My father loved me, and though I didn't always sense that from him because of the demons he struggled with, I knew that to be true, at least as an abstract principle.

This national abuse is much different. Though they are Americans like you and me, they do not seem to bear much love for those of us who have different views. In simple terms, they think it is okay to lock up brown children to enrich the contractors who run these concentration camps and show a few ignorant racists that they mean business about "illegals," and they hate us for thinking it's abhorrent and inhumane, for thinking—reasonably, I believe—that between the two terms of their either-it's-children-in cages-or-it's-open borders fallacy are an infinite number of solutions if there were two sides willing to work together to find it. To be unwilling to listen or hear the other side is a very thoroughgoing abusive disposition. And there is seemingly no escape from it.

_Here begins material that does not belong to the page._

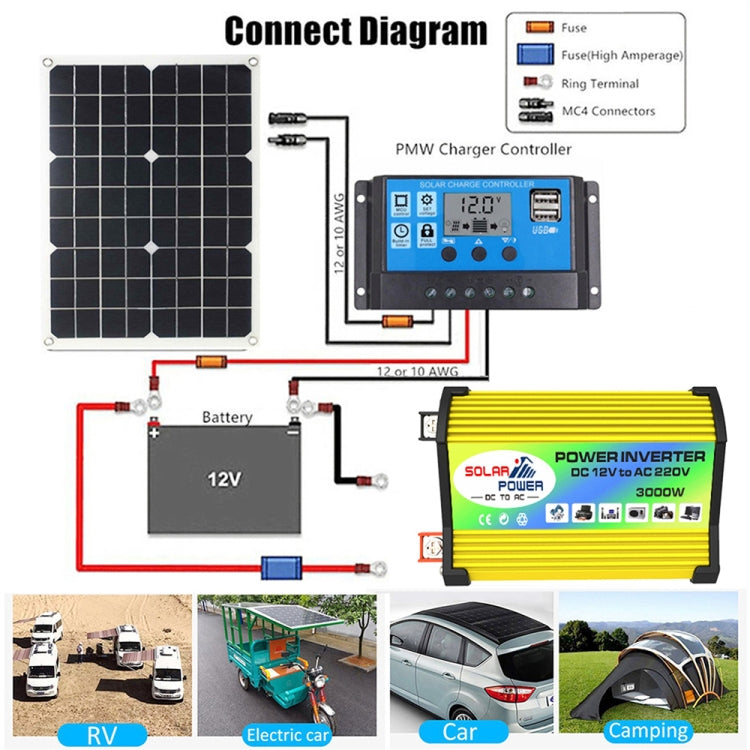 Legend I Generation DC12V to AC110V 3000W Modified Square Wave Car Power Inverter(Yellow) - Modified Square Wave by PMC TechLife | Online Shopping South Africa | PMC TechLife | Buy Now Pay Later Mobicred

I feel impulses to violence when I feel helpless to reason with this governing group. Too often, because I don't want to act violently, I turn it inward. There, to keep from self-harm, I try to intercept it somehow. I write about it, as I'm doing now. I wish I could say that that is good in itself, but there are children and parents wondering whether they will ever see each other again sleeping on thin mats on concrete floors. There are people trying to rebuild their lives in Puerto Rico, after thousands of unnecessary post-Maria deaths. More must be done, and I should rest and be ready to help.